The qanat experiment status command

This commands allows to have a list of the runs that have been done for an experiment. For example:

../_images/experiment_status.png

A flag --live can be appended to the command to see a refreshing status of the runs. This is useful when you are running a lot of experiments and want to see the status of the runs.

The run_explore command

Warning

This functionality only work on linux and maxcosx machines since it use sime-term-menu that is not available on windows. One workaround is to use WSL2 on windows.

After an experiment has ben executed, possibly many times with different parameters or by improving the code, it is time to explore the results. This is done with the run_explore command. This will lanch a prompt:

qanat experiment run_explore <experiment_name>

Experiment <experiment_name> has XX runs.
How do you want to explore the runs?

> Search
  Menu

where <experiment_name> is the name of the experiment you want to explore and XX should be the number of runs of this experiments. You can then choose to search for a specific run or to explore the runs with a menu by either selecting or searching.

Alternatively you can run the command:

qanat experiment run_explore <experiment_name> <run_id>

to directly jump to a run that you want to see.

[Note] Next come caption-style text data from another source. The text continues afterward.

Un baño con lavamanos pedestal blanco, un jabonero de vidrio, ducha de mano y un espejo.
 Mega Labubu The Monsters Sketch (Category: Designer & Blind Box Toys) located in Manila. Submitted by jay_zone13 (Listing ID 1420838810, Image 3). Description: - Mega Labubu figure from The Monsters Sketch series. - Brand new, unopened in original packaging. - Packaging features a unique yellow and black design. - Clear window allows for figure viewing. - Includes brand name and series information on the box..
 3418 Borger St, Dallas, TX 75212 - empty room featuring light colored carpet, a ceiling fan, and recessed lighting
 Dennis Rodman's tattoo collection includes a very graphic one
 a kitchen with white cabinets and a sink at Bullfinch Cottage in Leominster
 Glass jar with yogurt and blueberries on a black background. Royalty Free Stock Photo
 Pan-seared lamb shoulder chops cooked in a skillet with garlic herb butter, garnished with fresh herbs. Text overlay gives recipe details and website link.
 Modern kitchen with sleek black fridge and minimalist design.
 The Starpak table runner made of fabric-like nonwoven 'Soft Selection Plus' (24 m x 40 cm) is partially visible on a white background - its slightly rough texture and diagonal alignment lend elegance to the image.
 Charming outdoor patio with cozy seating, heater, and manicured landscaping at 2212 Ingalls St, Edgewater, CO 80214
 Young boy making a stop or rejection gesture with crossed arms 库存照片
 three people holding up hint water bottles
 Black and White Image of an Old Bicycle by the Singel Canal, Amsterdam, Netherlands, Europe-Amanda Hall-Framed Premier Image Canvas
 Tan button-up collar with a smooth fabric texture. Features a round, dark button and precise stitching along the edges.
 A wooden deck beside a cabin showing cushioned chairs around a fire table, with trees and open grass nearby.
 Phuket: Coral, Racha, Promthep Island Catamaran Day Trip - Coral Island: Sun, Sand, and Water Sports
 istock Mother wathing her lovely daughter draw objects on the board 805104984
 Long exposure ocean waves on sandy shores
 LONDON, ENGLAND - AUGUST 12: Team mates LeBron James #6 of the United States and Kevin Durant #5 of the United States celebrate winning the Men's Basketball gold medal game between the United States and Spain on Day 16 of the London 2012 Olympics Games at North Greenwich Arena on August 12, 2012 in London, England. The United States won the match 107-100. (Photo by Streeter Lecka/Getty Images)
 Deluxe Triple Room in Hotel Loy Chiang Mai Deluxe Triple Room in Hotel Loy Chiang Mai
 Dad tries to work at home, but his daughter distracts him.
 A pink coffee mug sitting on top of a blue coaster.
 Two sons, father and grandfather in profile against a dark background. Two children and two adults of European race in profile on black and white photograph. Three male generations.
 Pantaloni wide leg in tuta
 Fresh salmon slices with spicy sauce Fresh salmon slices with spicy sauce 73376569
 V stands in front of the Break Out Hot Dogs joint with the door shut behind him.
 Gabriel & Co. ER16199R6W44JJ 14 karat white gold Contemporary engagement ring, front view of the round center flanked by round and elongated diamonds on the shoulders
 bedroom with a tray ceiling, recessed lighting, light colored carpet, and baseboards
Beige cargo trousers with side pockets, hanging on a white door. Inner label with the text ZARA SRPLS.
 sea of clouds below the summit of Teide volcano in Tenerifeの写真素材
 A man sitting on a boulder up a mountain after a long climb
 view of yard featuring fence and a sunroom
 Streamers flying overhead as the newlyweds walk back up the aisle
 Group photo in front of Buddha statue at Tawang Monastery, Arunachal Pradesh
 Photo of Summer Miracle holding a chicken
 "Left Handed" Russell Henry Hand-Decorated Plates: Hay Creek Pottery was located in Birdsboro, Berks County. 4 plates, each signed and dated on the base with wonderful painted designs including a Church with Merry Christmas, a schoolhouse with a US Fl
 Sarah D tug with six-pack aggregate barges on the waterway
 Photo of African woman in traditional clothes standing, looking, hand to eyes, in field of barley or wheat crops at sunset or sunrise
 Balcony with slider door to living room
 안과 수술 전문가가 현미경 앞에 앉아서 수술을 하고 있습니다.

Exploring runs from the menu

Two options:

  • using the search function:

Experiment develop_autoencoder has 20 runs.
 Search runs prompt
 > [a] Tag
   [b] Description
   [c] Status
   [d] Runner
   [e] Commit
   [f] Parameters
   [g] Menu with remaining runs
   [h] Reset filters
   [q] Exit

that allows to search over the run information.

  • using the menu function:

    ../_images/run_explore_menu1.png

which allows to select a run and see the information about it.

Exploring a specific run

Once that you have selected a run_id for your experiment (either by the menu or by specifying in the command), you have access to the following menu:

../_images/specific_run_menu.png

where you have access to the following options:

  • Show output(s): show the standard ouput(s) of the run with the less command (see mean page). If several groups had been executed, you can iterate over all those outputs thanks to the :n command in the less.

  • Show error(s): show the standard error(s) of the runs with less same as outputs.

  • Show parameters: show the parameters of the run.

  • Show comment: show the comment of the run. This is markdown file that is used to keep some information about the run (analysis, contecxt, etc). If it doesn’t exist, you will be asked if you want to create it.

  • Explore run directory: Will show a tree of the run directory. This is useful to see what has been saved during the run.

  • Show HTCondor log(s): show the HTCondor log(s) of the run. This is useful when the run has been executed on a cluster with HTCondor. The option is only availabl when the runner is htcondor. For Slurm, there is unfortunately no way to see the logs.

  • Delete run: delete the run from the database and from the disk. This is useful when you want to remove a run that you don’t want to keep anymore. This allows delete all the files so be careful.

  • Action: <action_name>: If some actions have been defined for the experiment, you can run the action from the menu. In the example, an action allowing to launch tensorboard for all the groups had been set up. You can also run the action from the command line with the qanat experiment action <experiment_name> <action_name> <run_id> command.